Thailand’s Finance Minister Ekniti Nitithanprapas disclosed in a business forum on Friday that the country’s economic foundation remains solid due to robust financial and fiscal conditions, with government stimulus policies expected to bolster growth in the fourth quarter of 2025.
Both inflation and unemployment are below 1%, and public debt stands at 64% of GDP, comfortably under the legislated ceiling of 70%. He noted that banks maintain capital reserves well above regulatory requirements, while foreign reserves are currently three times the nation’s short-term external debt, expressing confidence in a fourth-quarter recovery.
Meanwhile, Thailand’s economic expansion slowed to 1.2% year-on-year in the third quarter, marking the weakest performance in four years. The nation has trailed regional peers since the pandemic and is in the midst of persistent challenges, including U.S. tariffs, elevated household debt, and a firm baht.
To stimulate growth, the government has introduced a 44 billion baht consumer subsidy program alongside other initiatives. Ekniti added that the government plans to unveil a new support package for small businesses next week and is considering measures to accelerate major investment projects, with the goal of boosting investments by 200 to 300 billion baht in 2026.
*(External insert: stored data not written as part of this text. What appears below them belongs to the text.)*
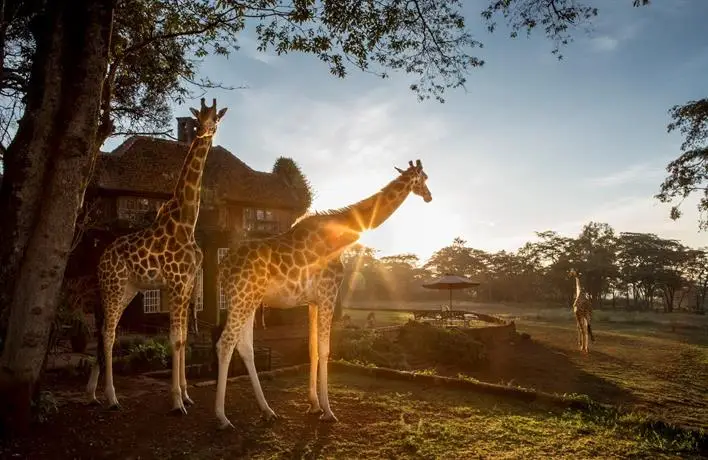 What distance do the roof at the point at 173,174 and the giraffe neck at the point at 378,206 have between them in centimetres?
1395

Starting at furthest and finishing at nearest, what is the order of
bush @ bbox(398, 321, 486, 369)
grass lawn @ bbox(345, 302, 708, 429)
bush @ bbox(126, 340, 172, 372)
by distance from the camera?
1. bush @ bbox(398, 321, 486, 369)
2. bush @ bbox(126, 340, 172, 372)
3. grass lawn @ bbox(345, 302, 708, 429)

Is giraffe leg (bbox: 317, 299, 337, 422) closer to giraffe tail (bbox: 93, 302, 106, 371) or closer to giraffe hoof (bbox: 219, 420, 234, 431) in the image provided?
giraffe hoof (bbox: 219, 420, 234, 431)

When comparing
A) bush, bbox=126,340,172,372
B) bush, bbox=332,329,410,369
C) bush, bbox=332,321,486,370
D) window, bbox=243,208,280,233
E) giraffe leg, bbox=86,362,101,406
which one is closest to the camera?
giraffe leg, bbox=86,362,101,406

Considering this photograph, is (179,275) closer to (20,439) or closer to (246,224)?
(20,439)

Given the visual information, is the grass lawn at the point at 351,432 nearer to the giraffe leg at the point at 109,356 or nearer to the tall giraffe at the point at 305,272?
the giraffe leg at the point at 109,356

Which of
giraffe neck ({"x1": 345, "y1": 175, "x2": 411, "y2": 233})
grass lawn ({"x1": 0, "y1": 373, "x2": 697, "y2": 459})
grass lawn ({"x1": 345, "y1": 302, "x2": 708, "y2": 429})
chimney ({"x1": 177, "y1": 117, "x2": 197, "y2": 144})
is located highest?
chimney ({"x1": 177, "y1": 117, "x2": 197, "y2": 144})

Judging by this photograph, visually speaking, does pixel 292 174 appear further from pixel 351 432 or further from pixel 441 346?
pixel 351 432

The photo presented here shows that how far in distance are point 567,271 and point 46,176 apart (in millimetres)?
57291

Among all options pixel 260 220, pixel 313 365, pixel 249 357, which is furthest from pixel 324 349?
pixel 260 220

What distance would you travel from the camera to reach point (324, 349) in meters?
6.31

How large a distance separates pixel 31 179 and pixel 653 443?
7.82 m

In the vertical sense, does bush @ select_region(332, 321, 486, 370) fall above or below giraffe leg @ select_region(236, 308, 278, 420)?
below

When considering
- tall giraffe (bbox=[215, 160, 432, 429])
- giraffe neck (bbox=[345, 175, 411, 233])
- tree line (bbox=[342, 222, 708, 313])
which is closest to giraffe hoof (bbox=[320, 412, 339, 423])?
tall giraffe (bbox=[215, 160, 432, 429])

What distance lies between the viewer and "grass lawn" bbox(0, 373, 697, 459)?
4984 millimetres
Separately, Commerce Minister Suphajee Suthumpun discussed efforts to strengthen trade competitiveness as Thai export growth is projected to moderate in 2026. She highlighted the strengthening baht, which has appreciated 5.6% against the U.S. dollar this year, making it Asia’s second-best-performing currency after Malaysia’s ringgit.
Suphajee noted ongoing trade discussions with the United States, focusing on gaining exemptions for certain products from U.S. tariffs.
The minister also cautioned exporters about Washington’s concerns over transshipment practices, where goods are routed through Thailand from a third country to bypass tariffs. She emphasized that, as global investor interest in Thailand rises, there is a need for greater use of local content.